Exempt Market Dealer participation in prospectus offerings:
In a market-friendly effort, the OSC allowed Exempt Market Dealer (“EMDs”) to act as a member of a selling group in the distribution of securities under a prospectus, subject to conditions as set out in a blanket order issued in June 2024. Other jurisdictions (Alberta, British Columbia, Nova Scotia, Ontario, Québec and Saskatchewan) have undertaken a similar approach and issued similar blanket orders. To access this benefit, regulatory filings are required, including a Form 33-109F5.
Fostering Innovation:
As reported in our coverage of OSC’s Strategic Plan for 2024-2030, OSC intends to cultivate innovation in the capital market of the province. In May 2024, a series of initiatives were announced to support early-stage capital raising, as part of the OSC TestLab program. These include: the Angel Investor Group Registration Exemption, the Early-Stage Business Registration Exemption and the Self-Certified Investor Prospectus Exemption.
COMMENTS ON REGISTRANT MISCONDUCT OVER THE PAST YEAR
Annual Trends and Highlights:
Regulatory actions saw an uptick in the past year involving imposition of terms and conditions and denial of registration. The Report notes that this is partially due to non-disclosure of material previously undisclosed reportable events by registrants and individuals not being truthful or cooperative with their sponsoring firms.
Regulatory Action:
The Report notes that the OSC will recommend that terms and conditions be placed on the registration of a firm in situations where there are instances of inadequate compliance system, compliance deficiencies, or supervision and control deficiencies which can expose investors to a risk or harm. Such terms can require the firm to hire a compliance consultant to develop a compliance plan to address the deficiencies, engage a monitor to review their business activities, or impose business restrictions until deficiencies are addressed.
Other Regulatory Actions:
Failure to comply with working capital or audited financial statement requirements: Firms can expect regulatory actions if they do not bring themselves promptly into compliance or if they are repeatedly deficient in annual or interim financial filings.

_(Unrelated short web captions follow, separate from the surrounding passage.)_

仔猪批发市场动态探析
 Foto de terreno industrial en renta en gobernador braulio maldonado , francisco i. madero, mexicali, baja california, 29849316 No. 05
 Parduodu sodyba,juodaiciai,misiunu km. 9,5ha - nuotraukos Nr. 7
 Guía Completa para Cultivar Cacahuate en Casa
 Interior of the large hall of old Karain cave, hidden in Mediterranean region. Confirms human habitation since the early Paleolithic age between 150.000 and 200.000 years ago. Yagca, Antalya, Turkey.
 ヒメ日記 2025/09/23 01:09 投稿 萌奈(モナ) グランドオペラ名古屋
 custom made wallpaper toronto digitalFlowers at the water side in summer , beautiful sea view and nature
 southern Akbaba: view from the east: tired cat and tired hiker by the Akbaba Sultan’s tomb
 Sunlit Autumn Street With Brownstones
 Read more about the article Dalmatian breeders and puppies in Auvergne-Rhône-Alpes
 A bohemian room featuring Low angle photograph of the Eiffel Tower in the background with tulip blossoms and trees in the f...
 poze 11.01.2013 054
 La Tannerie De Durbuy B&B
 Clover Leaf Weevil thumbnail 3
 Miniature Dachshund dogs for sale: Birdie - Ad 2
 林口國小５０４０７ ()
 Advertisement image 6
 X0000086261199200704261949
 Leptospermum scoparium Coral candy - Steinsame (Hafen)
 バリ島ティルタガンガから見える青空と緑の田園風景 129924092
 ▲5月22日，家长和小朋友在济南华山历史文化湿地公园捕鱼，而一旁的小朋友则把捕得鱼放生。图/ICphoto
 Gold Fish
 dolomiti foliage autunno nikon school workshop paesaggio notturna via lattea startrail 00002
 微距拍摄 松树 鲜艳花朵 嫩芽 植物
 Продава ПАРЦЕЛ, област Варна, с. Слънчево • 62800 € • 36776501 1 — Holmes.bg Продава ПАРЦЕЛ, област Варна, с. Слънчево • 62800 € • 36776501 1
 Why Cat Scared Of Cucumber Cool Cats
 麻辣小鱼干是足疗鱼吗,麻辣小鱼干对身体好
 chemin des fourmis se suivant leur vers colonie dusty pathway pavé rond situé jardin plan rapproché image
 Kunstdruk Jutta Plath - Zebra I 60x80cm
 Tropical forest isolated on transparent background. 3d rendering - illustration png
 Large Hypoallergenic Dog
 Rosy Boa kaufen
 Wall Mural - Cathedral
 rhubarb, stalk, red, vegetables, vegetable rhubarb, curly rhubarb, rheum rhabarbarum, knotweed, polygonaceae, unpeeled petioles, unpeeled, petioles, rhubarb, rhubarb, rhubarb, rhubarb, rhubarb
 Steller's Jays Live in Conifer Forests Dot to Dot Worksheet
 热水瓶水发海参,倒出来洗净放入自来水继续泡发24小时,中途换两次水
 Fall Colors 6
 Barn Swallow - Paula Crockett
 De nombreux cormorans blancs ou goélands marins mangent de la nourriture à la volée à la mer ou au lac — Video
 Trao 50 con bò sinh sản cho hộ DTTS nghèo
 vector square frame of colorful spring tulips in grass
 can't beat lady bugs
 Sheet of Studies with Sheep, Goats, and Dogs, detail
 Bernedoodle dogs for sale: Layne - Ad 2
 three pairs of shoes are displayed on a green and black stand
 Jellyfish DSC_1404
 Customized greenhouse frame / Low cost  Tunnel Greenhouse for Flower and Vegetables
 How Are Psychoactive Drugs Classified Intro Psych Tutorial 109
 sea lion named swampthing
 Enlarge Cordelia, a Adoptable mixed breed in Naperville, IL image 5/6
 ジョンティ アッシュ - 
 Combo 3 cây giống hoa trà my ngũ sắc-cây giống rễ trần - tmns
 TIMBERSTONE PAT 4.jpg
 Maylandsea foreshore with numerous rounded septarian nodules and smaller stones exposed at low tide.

Failure by registered individuals and applicants to be truthful with sponsoring firms: The Registrant Conduct Team has identified instances of untruthful or misleading information about applicants’ previous employment with a former sponsoring firm. Such facts are considered during the OSC’s assessment of the applicant’s suitability for registration and can encroach negatively on an applicant’s integrity.
Director’s decisions and settlements: OSC has published key decisions involving matters of importance to OSC and can be a source of crucial practical information on the application of securities law. The Report highlights that two decisions were published in contested proceedings, two decisions in uncontested recommendations of suspension of firms, and three were approved settlement agreements.
The Report functions as a comprehensive resource outlining the core priorities of the RIE and OSC. It also acts as a reminder for registrants to recognize the multitude of rules and regulations in the area of securities law. That said, the Report is not an all-inclusive document and working with legal counsel is advisable before engaging in an activity which might be a registrable activity to properly address compliance requirements.
McCarthy Tétrault’s leading Securities Regulation and Investment Products Group and Securities Litigation groups are well-equipped to provide businesses and investors with practical advice and support in navigating all aspects of Canada’s dynamic capital markets. Please contact the authors or any member of the Securities Regulation and Investment Products Group or Securities Litigation groups to learn more – we would be happy to assist you.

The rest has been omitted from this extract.